Sunday, September 16, 2012

OUR LIVES ARE NOT SEPARATE FROM OUR ART!

OUR LIVES BECOME ART AND VICE VERSA
A discussion            

  Part 1

Yayoi Kasama                                                             google image



This morning I was watching a national news morning show which highlighted an artist I have been interested in since becoming aware of her fantastic long career.  She is Japanese, she is in her 80's, she has voluntarily lived in a mental facility for the last 30 years, and she is obsessive about dots.  Her name is Yayoi Kusama(click).  She is one of the most important artist of our time and one of the most pioneering women artist of our time.  It calls to mind something about the creative nature of our minds, imagination, and the healing nature of the arts.  I think there are people who think all artists are mad, or border or mental illness and there are some famous ones:  Van Gogh is an example.  He also struggled with his mental health and turned to the arts.  Caravaggio was another, a man obsessed with violence and pain; he also turned to the arts.  I think what we must see in this path is that people turn to the arts to heal and to survive.  The arts also offer an avenue to  self expression that is denied in other parts of our society.  Jackson Pollack drank and smoked to much, 
de kooning            google  image
de Kooning painted very scary looking women, and so on. Are there happy artist with life without drama...of course.  But I would say we reach to the arts for many reasons, to express ourselves in a way we can not in any other way.  We are the sensitives of society, we absorb and we reflect our times.  Those sensitivities drives people to the arts, to express or to heal or to communicate.

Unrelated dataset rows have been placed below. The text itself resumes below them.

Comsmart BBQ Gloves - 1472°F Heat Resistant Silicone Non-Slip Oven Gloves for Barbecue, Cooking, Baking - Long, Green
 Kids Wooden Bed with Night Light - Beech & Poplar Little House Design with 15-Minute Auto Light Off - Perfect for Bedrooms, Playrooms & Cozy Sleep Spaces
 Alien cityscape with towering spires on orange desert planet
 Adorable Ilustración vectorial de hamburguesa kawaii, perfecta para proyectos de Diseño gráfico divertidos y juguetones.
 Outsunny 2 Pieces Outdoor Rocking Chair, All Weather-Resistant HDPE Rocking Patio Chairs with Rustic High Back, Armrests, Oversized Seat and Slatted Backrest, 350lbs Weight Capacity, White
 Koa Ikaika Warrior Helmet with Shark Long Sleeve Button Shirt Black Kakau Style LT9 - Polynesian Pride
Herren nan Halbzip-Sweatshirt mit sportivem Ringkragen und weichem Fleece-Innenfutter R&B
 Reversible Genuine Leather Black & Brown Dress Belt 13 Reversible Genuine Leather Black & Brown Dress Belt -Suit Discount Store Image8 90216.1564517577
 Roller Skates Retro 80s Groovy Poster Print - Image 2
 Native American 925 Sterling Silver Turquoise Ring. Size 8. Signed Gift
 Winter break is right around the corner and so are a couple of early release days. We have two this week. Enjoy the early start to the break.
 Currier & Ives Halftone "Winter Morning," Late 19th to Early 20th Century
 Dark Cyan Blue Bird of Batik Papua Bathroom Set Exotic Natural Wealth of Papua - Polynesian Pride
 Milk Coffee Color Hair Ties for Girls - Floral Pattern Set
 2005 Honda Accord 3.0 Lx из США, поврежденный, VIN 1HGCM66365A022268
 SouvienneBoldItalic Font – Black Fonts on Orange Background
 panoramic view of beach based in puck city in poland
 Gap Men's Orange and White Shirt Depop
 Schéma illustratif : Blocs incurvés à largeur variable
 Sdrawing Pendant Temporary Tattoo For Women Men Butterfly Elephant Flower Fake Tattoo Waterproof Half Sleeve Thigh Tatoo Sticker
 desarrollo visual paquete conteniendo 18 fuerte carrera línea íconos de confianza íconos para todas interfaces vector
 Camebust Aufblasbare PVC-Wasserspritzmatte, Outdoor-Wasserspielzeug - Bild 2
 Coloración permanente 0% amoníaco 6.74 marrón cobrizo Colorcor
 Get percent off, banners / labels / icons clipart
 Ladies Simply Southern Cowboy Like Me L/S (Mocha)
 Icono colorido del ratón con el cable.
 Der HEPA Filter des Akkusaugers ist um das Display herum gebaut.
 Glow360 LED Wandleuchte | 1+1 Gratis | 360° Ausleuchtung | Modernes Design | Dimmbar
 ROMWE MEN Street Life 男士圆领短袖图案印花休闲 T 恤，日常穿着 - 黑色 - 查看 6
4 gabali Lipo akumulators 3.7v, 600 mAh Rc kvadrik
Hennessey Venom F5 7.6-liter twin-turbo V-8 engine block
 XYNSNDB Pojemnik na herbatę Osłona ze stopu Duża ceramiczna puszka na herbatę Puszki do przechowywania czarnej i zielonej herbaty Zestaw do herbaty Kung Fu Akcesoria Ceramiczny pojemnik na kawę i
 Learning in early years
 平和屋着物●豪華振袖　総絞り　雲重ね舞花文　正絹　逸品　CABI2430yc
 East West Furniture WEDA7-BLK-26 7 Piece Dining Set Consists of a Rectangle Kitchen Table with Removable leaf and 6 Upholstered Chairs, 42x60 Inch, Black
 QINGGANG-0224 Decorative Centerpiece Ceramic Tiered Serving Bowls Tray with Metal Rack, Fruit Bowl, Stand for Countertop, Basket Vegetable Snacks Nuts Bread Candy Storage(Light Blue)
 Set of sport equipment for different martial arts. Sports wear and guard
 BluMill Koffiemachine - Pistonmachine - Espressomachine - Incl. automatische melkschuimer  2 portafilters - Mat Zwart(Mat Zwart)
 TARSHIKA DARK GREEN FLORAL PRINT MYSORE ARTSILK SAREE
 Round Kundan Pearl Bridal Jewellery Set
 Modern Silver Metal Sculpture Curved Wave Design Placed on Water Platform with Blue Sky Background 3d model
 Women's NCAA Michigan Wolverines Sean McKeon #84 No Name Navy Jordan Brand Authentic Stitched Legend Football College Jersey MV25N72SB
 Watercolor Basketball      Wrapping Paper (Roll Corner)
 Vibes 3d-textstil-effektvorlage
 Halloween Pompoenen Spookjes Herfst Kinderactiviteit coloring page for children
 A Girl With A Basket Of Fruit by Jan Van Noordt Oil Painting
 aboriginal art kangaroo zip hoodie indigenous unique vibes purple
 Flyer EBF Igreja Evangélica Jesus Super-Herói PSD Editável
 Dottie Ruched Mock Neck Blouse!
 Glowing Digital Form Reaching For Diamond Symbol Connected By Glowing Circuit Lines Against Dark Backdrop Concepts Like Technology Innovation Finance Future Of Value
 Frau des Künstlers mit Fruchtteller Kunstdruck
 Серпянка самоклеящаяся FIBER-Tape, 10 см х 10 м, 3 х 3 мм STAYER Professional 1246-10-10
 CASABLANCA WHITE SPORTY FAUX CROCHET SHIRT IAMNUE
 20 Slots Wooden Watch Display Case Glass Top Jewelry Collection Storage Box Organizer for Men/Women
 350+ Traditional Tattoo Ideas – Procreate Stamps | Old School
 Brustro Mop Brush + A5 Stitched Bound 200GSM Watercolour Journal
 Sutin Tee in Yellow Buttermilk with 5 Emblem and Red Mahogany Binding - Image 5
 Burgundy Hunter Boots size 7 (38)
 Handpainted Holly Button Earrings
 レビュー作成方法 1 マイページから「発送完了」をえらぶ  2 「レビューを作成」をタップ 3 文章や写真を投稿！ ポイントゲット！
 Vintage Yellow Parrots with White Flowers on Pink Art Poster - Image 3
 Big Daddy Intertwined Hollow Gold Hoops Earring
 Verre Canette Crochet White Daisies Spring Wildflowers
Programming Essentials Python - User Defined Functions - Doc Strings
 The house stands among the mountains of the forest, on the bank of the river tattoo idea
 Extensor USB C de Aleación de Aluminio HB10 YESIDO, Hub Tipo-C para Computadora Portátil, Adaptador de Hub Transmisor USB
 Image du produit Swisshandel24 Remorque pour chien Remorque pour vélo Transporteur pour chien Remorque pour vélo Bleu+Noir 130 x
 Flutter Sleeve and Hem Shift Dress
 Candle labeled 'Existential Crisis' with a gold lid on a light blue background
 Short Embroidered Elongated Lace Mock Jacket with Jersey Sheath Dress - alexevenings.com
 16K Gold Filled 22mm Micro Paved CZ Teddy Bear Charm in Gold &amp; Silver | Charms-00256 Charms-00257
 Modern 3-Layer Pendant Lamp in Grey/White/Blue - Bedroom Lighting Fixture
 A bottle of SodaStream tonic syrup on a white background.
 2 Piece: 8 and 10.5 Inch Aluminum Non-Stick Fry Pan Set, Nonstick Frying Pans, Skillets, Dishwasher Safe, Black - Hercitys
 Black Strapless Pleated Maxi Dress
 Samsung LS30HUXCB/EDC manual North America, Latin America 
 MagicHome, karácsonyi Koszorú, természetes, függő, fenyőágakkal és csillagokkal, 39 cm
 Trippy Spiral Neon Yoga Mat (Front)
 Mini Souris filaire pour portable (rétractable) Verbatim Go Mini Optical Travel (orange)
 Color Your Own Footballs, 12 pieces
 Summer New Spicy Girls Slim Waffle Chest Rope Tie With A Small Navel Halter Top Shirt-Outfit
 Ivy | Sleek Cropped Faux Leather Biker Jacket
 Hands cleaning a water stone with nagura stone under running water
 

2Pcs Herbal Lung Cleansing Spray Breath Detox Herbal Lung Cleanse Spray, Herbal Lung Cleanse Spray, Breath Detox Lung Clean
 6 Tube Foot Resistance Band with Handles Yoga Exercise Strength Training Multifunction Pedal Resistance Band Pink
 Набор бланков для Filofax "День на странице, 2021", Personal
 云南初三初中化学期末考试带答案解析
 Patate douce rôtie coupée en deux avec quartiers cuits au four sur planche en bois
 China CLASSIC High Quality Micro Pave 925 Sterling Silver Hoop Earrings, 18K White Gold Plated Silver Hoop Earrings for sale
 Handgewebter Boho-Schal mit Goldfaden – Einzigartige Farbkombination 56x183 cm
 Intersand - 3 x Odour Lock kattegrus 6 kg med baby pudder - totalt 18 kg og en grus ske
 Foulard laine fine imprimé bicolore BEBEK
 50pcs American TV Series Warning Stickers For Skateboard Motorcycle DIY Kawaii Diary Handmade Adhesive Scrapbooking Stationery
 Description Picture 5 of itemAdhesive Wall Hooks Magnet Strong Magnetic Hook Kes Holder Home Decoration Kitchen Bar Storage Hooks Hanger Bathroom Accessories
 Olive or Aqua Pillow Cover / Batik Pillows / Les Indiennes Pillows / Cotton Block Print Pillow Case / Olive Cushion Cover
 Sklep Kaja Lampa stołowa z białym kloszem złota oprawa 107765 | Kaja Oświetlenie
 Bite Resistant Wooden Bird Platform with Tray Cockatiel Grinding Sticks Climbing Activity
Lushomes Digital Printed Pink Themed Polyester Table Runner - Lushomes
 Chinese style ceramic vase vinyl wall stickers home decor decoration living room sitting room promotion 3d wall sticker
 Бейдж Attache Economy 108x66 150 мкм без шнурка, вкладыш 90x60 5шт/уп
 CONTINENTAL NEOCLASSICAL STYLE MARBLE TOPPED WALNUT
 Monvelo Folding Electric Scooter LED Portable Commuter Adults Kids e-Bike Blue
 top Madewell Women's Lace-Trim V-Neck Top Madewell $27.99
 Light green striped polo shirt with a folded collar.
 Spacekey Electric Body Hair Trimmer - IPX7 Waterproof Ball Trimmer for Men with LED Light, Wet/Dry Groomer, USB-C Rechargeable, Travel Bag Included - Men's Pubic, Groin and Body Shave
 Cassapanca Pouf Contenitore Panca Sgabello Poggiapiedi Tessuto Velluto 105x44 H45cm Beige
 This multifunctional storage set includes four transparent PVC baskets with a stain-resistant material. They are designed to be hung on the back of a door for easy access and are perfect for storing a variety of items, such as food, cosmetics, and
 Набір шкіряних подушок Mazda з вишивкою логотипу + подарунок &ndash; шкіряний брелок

Now I will talk about my life personally and how it influences my art.  I was born in Mississippi in a time of great prejudice against African Americans...it drove me to express the need for all people to be treated equally.  I grew up in Florida on the Gulf Coast in a city of Cuban and Italian Immigrants.  I grew up want to learn and to express what I learned about various cultures.  I lived in Asia and the Philippines, I learned to respect all cultures and become a citizen of the world, not one place.  I learned how my country could effect other countries for good and for bad.  I learned other people may have better ideas than my own country and that we are not the center of the universe.  I taught mentally handicapped children, mentally disturbed children.  I learned what prejudice existed against children and adults who had no choice in how they were born.  I learned no matter what intelligence level you are you can be an artist, you can be creative.  I lived in the  Middle East and learned not one religion or faith is better than another.  It all began to come out in my art...cultures, the world, rights for all peoples, peace, prejudice, the horrors of hatred and war, my travels, my friendships of other people in other cultures...and now for the last 10 years plus the struggle of watching my Mother struggle with the effects of massive stroke, caretaking, nursing homes, how age and dementia and alzheimers destroys people we love.  And now I find a need to express that in my art...I look to art to heal and to help me as I go through this journey with my Mother.  As I write this I realize I need to break it into sections of interest.  Our first subject is creativity, madness, and art as the healer.  Secondly a close up look at artist who are artists struggling with mental and physical health.
Thirdly I will take you on my personal journey with my art and life...showing you where the experience crosses over into the art....and I would say, we as artists are not always aware when or how that happens.  It is like when you dream a dream...the symbols in the dream may not make since to you, but a friend will point something out...and you think-how did I not see that!